[[ The data, beginning ]]
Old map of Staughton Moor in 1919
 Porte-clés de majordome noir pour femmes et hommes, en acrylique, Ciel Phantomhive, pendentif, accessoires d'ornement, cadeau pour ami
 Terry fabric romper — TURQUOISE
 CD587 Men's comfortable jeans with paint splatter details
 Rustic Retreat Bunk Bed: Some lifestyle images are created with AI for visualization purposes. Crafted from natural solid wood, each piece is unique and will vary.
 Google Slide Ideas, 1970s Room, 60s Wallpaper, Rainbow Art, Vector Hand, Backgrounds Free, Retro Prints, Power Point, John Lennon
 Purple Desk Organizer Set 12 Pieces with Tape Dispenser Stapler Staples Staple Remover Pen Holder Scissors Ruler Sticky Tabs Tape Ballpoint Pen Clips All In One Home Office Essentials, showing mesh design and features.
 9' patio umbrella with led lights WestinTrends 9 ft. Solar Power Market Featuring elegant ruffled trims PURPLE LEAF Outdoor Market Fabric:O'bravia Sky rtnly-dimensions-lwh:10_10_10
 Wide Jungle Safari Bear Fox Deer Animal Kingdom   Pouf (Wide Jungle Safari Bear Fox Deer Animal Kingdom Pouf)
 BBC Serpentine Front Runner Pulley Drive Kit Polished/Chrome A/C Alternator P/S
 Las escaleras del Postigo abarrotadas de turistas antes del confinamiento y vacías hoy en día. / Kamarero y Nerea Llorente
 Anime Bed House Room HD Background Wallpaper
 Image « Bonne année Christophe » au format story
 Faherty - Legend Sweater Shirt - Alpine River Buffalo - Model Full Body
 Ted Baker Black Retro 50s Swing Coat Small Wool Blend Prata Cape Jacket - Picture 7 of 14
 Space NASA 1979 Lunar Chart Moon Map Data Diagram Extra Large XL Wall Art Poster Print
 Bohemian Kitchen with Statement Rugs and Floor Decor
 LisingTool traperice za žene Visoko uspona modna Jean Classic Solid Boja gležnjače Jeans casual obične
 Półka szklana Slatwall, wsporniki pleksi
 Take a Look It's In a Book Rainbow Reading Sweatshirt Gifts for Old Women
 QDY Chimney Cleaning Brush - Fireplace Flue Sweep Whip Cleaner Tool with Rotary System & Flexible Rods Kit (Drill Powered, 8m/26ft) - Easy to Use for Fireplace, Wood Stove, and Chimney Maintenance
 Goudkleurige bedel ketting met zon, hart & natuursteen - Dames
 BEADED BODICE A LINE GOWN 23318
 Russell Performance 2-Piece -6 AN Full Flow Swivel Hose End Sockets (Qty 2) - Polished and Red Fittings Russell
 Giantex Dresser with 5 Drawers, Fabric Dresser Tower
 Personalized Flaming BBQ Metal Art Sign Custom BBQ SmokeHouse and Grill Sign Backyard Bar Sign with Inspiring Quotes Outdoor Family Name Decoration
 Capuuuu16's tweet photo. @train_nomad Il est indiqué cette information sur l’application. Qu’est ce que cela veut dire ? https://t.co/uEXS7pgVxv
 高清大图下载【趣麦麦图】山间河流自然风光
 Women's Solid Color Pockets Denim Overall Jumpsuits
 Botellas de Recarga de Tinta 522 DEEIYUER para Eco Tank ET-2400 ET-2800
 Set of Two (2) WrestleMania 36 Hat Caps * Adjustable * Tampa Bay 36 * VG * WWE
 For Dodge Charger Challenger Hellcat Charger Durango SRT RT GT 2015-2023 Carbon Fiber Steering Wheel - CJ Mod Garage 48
[[ The data, end ]]
__Problem details__: Filter the entries by the string "Women" and copy each matching line.

__Result__:
 Take a Look It's In a Book Rainbow Reading Sweatshirt Gifts for Old Women
 Women's Solid Color Pockets Denim Overall Jumpsuits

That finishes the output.